NEW YORK — Widespread parental misconceptions about discipline and behavior may result in a growing number of overly aggressive, easily frustrated children, according to experts who surveyed more than 1,000 parents with youngsters 6 and under.

The nationwide survey, released Wednesday, found that 61 percent of the parents condone spanking as a regular form of punishment for young children despite research indicating corporal punishment can be harmful.

Fifty-seven percent of the parents said even a 6-month-old child can be spoiled, a belief the survey coordinators said is incorrect.

"If you don’t pick up a baby when he is crying, you can build up his levels of stress and distress," said Dr. Kyle Pruett, professor of psychiatry at Yale University’s Child Study Center. "Responding to your child’s needs is not spoiling."

Pruett is president of Zero To Three, a nonprofit child-development organization that sponsored the survey along with Civitas, another nonprofit group, and Brio Corp., a toymaker.

Pruett said the surveyed parents showed an encouraging grasp of some key principles — that emotional closeness is of vital importance and that experiences even in the first few months of life can have a significant effect.

However, he was concerned about findings that suggested many parents had unrealistic expectations of behavior — for example, expecting that a child of 15 months should be able to share toys.

"We’re potentially raising overly aggressive children who react to situations with intimidation and bullying, instead of cooperation and understanding; children who won’t be able to tolerate frustration, wait their turn or respect the needs of others," Pruett said.

Ron Lally, co-director of the San Francisco-based Center for Child and Family Studies, said he was surprised that so many parents condoned the spanking of young children.

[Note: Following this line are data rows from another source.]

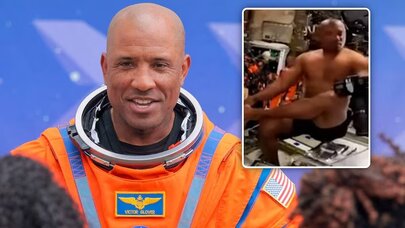 Ayda duş qəbul edən astronavt kameralara yaxalandı - Video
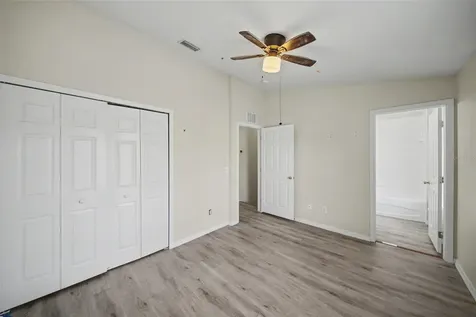 1246 Charlesworth Drive Wesley Chapel FL 33543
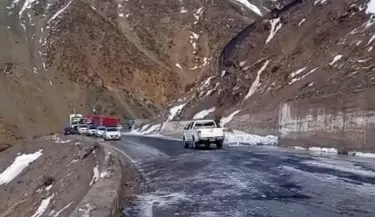 (Video) El hielo complica la circulaci�n en la Curva de la Soberan�a, por las bajas temperaturas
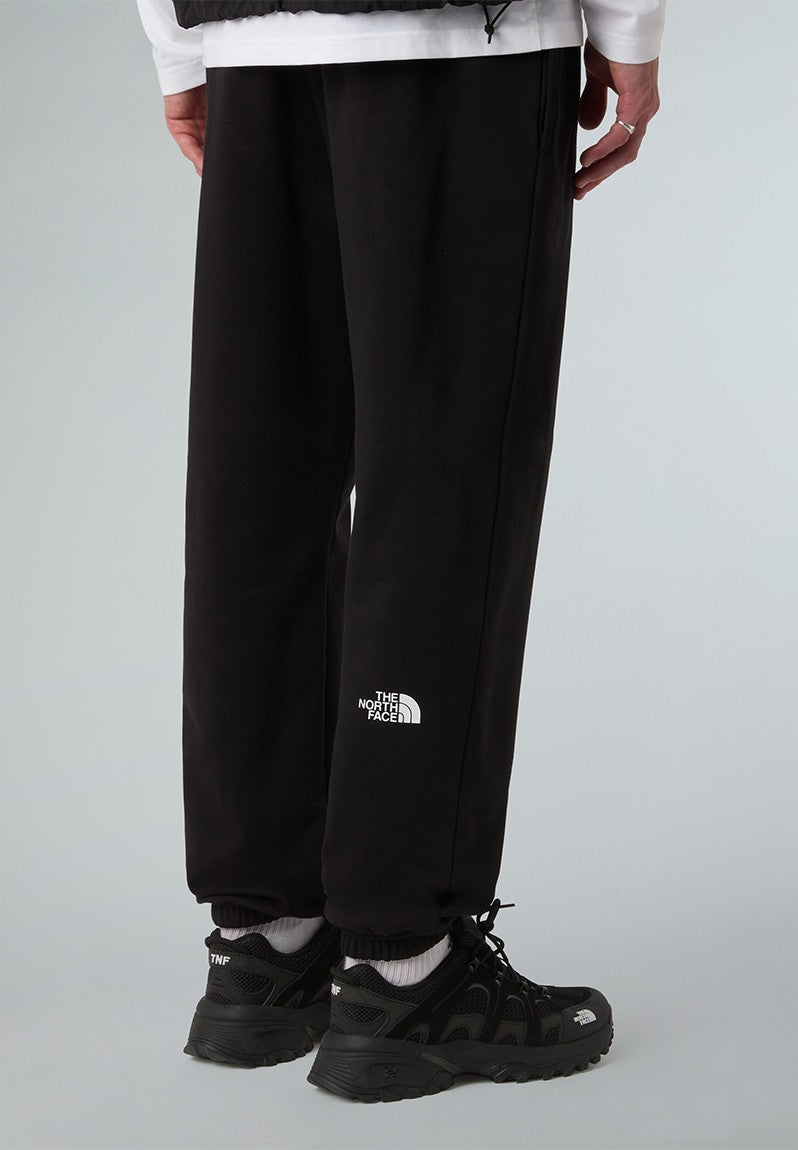 Simple Dome Regular Tapered Jogger in TNF Black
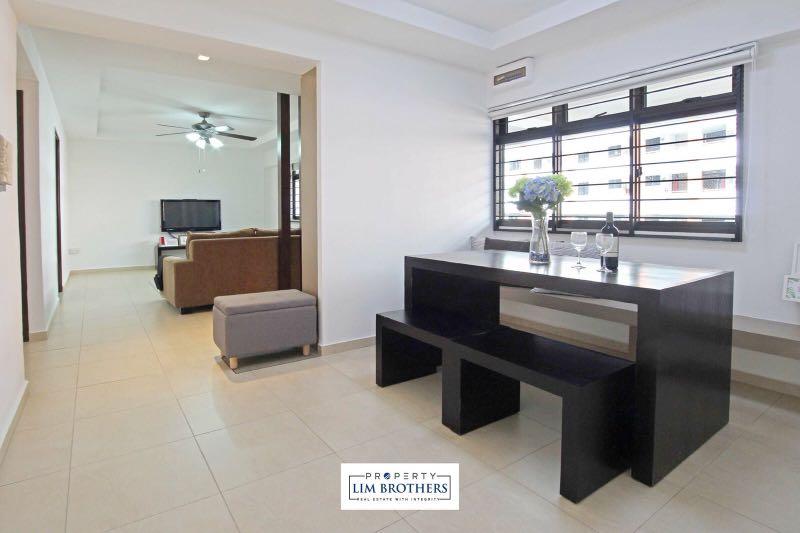 Zen Design Woody Dining Table Furniture Tables Chairs On Carousell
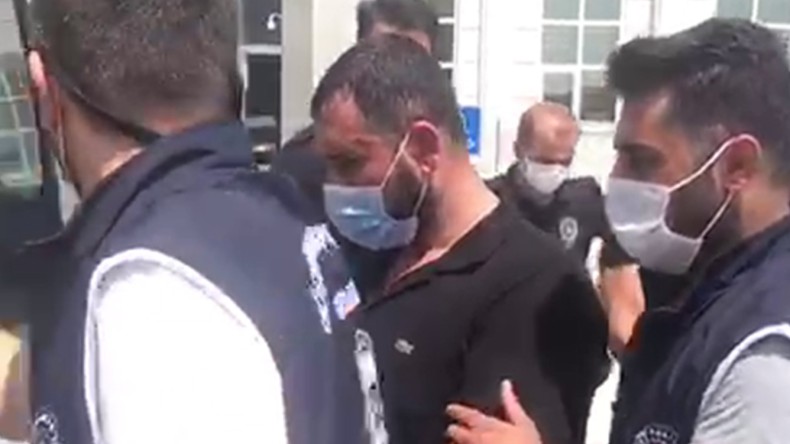 Kaçak Göçmenleri Ticari Taksilerle İllere Dağıtmışlar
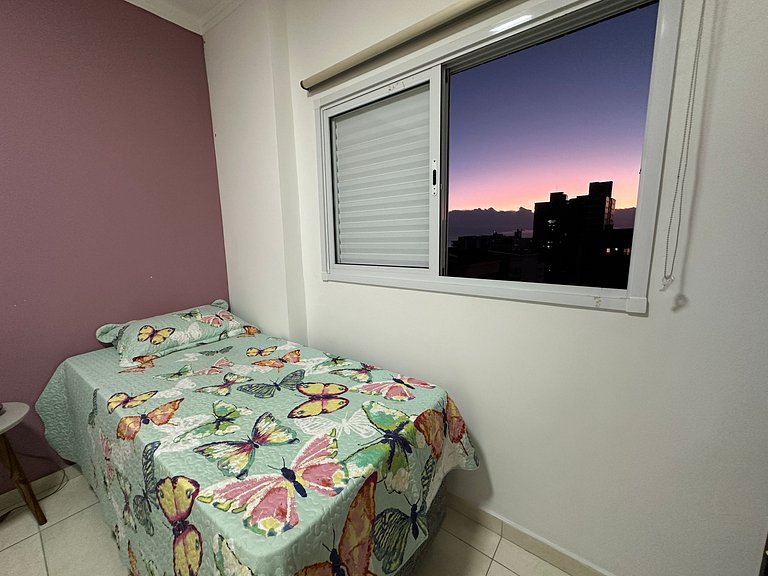 A 300m da praia, varanda gourmet vista incrível!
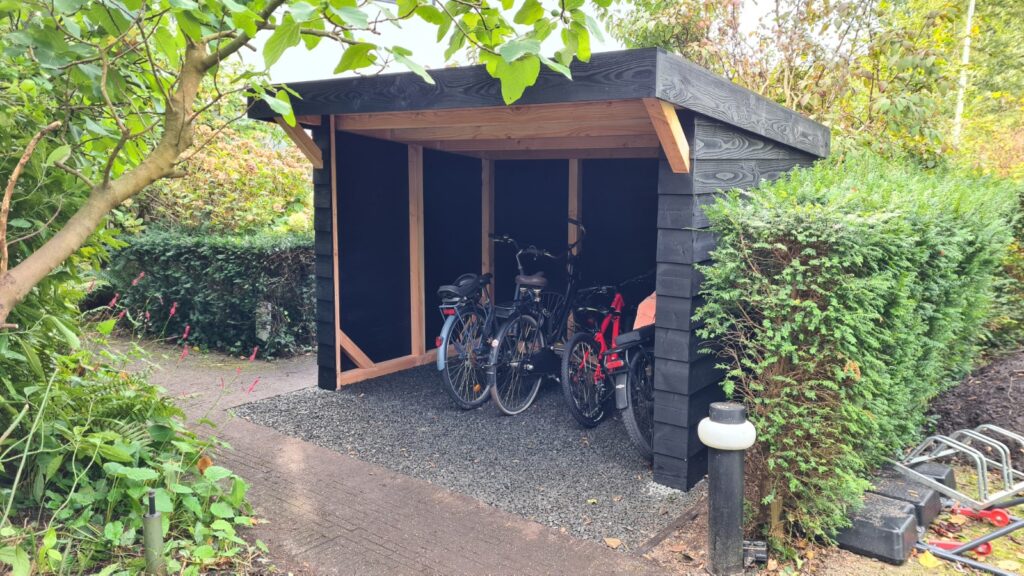 Luxe fietsenschuur met sedumdak - MYWOOD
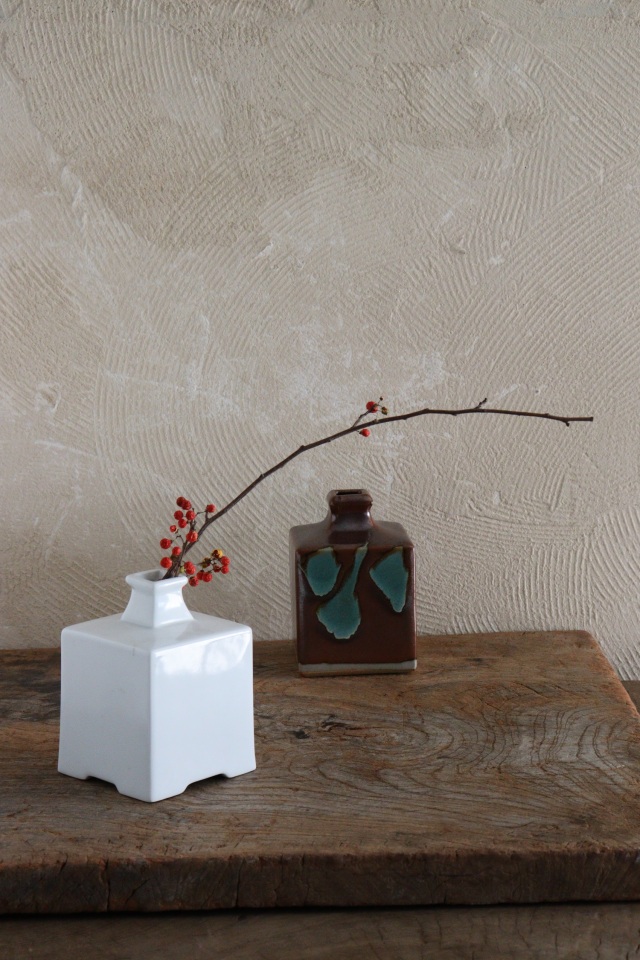 韓国白磁角徳利　益子焼角徳利　白磁器　民藝　花器　一輪挿し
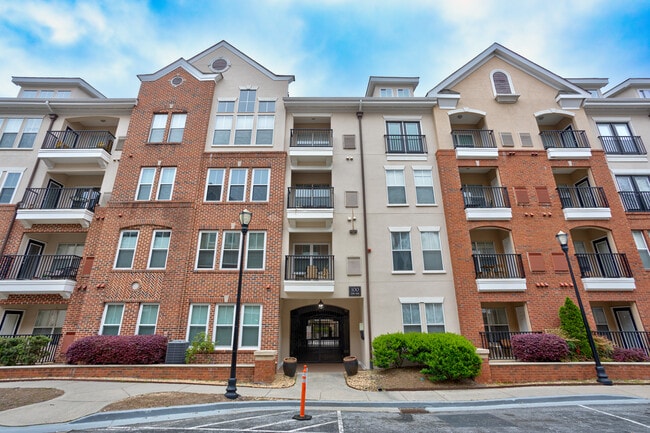 Madison Square at Dunwoody - 1850 Cotillion Dr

"Why would anyone spank an infant or toddler?" Lally asked. "There is nothing he or she can learn from it other than to distrust bigger and more powerful people."

The child-development survey was conducted in June and July by DYG Inc., headed by pollster Daniel Yankelovich. In all, 3,000 adults were surveyed, including 1,066 parents with children 6 or under. The margin of error, for the responses from parents, was 3.1 percentage points.